池袋母子死亡事故の飯塚幸三元院長を自動車運転処罰法違反(過失致死傷)の疑いで書類送検する方針と報道されました(「池袋母子死亡、来週にも書類送検 元院長、過失致死傷容疑」共同通信2019年11月8日、「池袋暴走事故、元院長を来週にも書類送検へ」TBS 2019年11月8日)。旧通産省工業技術院の元院長(当時87歳)は2019年4月に東京都豊島区の池袋駅近くで自動車を運転中に、その車が約150メートルも暴走し、松永真菜さん(31)と娘の莉子ちゃん(3)が亡くなり、10人が負傷しました。事故時はアクセルを完全に踏み込んだ状態でブレーキを踏んだ形跡がなかったとされます。
事故の重大性に対して、警察の対応に疑問が寄せられました。勲章授与の元公務員だから逮捕されないのかと上級国民批判になりました。遺族は元院長の厳罰を求める署名を集めました。私も署名した一人です。過去に警察の体質が大きく批判された事件に埼玉県警の桶川ストーカー殺人事件があります。この事件もストーカー被害者よりも、今風に言えば半グレ的な存在に味方するような埼玉県警の対応が批判されました。

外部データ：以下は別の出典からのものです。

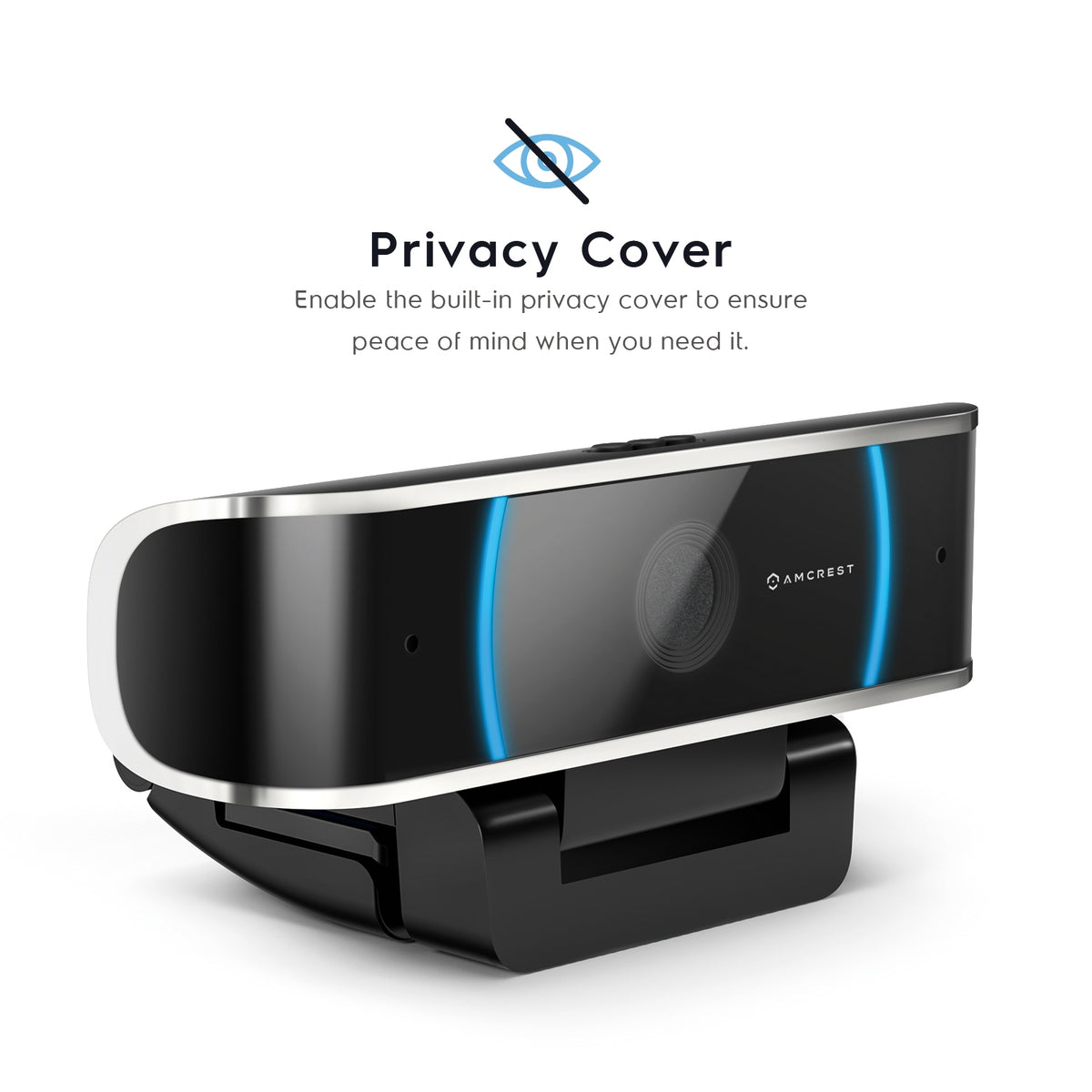 Amcrest 5MP Webcam Built-in Microphone USB Webcam AWC5100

警察による身柄拘束は人権への重大な制約であり、慎重に行われなければなりません。日本国憲法第33条は「何人も、現行犯として逮捕される場合を除いては、権限を有する司法官憲が発し、且つ理由となっている犯罪を明示する令状によらなければ、逮捕されない」と定めています。証拠隠滅や逃亡の恐れがなければ逮捕されないことが原則です。しかし、この原則は民間の市民には形骸化している残念な現実があります。裁判所の令状発行も自動発券機と揶揄されています。民間の市民が同様の事故を起こせば、証拠隠滅や逃亡の恐れがなくても逮捕されるでしょう。この不公平さ、相互主義のなさが問題です。

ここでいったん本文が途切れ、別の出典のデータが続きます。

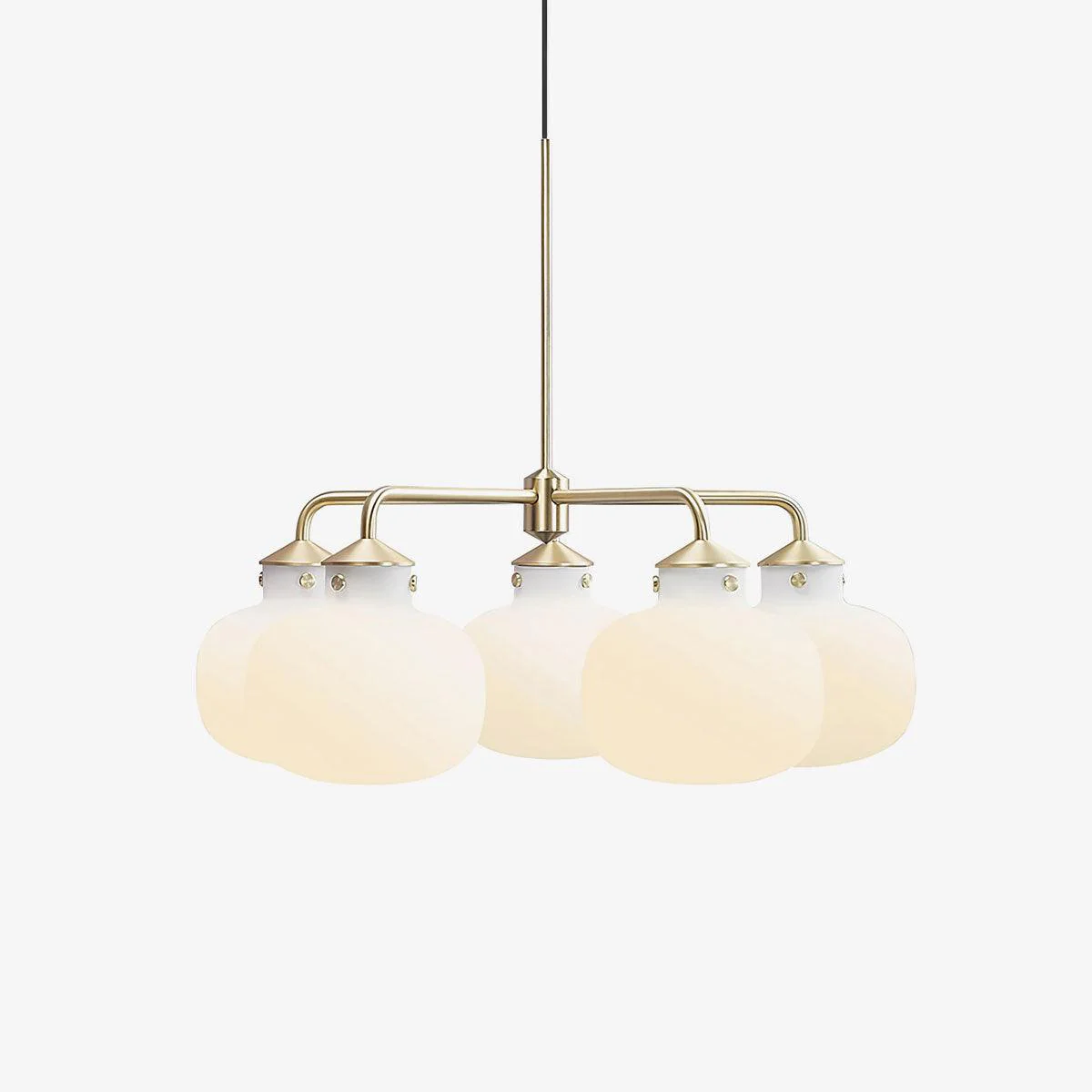 Halo Contemporary Glass Pendant Lamp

警察や検察の裁量の幅の大きさ、説明責任の無視が冤罪や不当逮捕を生んでいる。私は痴漢冤罪が問題になった新宿署違法捜査憤死事件国賠訴訟では以下のコメントをしました。「この裁判で警察の決めつけ捜査が浮き彫りになりました。そして、それをごまかそう、なかったことにしようという工作が明らかになった。裁判所は行政に寄り添って国民の声に耳を傾けない」(上田眞実「新宿署、痴漢冤罪めぐる証拠隠蔽・改竄工作が発覚…違法捜査受けた男性は直後に死亡」ビジネスジャーナル2016年3月30日)。元官僚に厳罰を求めることと、冤罪をなくすことや被疑者被告人の人権を擁護することは重なります。